The problem with residual evaluations is that they do not give an indication of how well the machine learning algo will do when it is asked to make new predictions for data it has not already seen. One way to overcome this problem is to not use the entire data set when training a machine learning.

Some of the data is removed before training begins. Then when training is done, the data that was removed can be used to test the performance of the learned model on “new” data.

This is the basic idea for a whole class of model evaluation methods called cross validation. The holdout method is the simplest kind of cross validation. The data set is separated into two sets, called the training set and the testing set.

However, its evaluation can have a high variance. The evaluation may depend heavily on which data points end up in the training set and which end up in the test set, and thus the evaluation may be significantly different depending on how the division is made.

K-fold cross validation is one way to improve over the holdout method. The data set is divided into k subsets, and the holdout method is repeated k times.

Each time, one of the k subsets is used as the test set and the other k-1 subsets are put together to form a training set. Then the average error across all k trials is computed (or any other measure of accuracy/error). The advantage of this method is that it matters less how the data gets divided.

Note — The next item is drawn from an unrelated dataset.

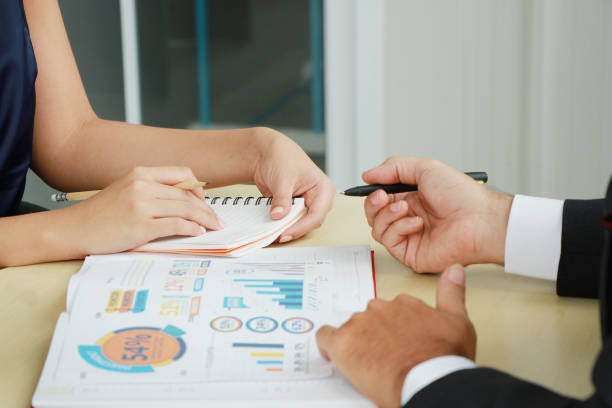 istock Closed up Asian Business people hands is writing on paperwork and brainstorming for project job with  information on wooden table in meeting room at office 2182611430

Every data point gets to be in a test set exactly once, and gets to be in a training set k-1 times. The variance of the resulting estimate is reduced as k is increased. The disadvantage of this method is that the training algorithm has to be rerun from scratch k times, which means it takes k times as much computation to make an evaluation.

Leave-one-out cross validation is K-fold cross validation taken to its logical extreme, with K equal to N, the number of data points in the set.

That means that N separate times, the machine learning algo is trained on all the data except for one point and a prediction is made for that point. As before the average error is computed and used to evaluate the model.

The evaluation given by leave-one-out LOO cross validation error is good, but at first pass it seems very expensive to compute.

Fortunately, locally weighted learners can make LOO predictions just as easily as they make regular predictions.

###Code

Cross-validation typically takes K replicate samples of the data, each one using \(\frac{(K-1)}{K}\) of the data to build the model and the remaining \(\frac{1}{K}\) of the data to test the model in some way.

This is called a K-fold cross-validation. In addition, the random K-fold cross-validation does not split the data into a partition of K subsets, but takes K independent samples of size \(\frac{N*(K- 1)}{K}\) instead.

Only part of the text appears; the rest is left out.